WORK REQUEST | Could you return only the lines that run from the line with "ex) Server Address 및 ID / Pwd 입력 (admin/admin)" through the final line of the data, exactly as they stand?

(Short text fragments from websites)
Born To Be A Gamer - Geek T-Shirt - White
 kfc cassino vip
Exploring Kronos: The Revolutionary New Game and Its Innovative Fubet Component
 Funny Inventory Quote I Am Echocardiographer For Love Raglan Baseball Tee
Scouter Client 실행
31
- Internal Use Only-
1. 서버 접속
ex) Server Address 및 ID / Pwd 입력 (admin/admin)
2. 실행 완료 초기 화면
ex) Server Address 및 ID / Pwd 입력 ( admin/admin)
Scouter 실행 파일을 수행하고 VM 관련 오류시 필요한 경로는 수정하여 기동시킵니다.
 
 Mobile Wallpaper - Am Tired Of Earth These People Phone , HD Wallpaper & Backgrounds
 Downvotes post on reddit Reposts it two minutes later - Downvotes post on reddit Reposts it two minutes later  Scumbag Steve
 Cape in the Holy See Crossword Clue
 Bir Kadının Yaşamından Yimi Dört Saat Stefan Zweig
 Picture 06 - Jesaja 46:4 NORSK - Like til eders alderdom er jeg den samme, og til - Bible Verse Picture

ANSWER BOX |
ex) Server Address 및 ID / Pwd 입력 (admin/admin)
2. 실행 완료 초기 화면
ex) Server Address 및 ID / Pwd 입력 ( admin/admin)
Scouter 실행 파일을 수행하고 VM 관련 오류시 필요한 경로는 수정하여 기동시킵니다.
 
 Mobile Wallpaper - Am Tired Of Earth These People Phone , HD Wallpaper & Backgrounds
 Downvotes post on reddit Reposts it two minutes later - Downvotes post on reddit Reposts it two minutes later  Scumbag Steve
 Cape in the Holy See Crossword Clue
 Bir Kadının Yaşamından Yimi Dört Saat Stefan Zweig
 Picture 06 - Jesaja 46:4 NORSK - Like til eders alderdom er jeg den samme, og til - Bible Verse Picture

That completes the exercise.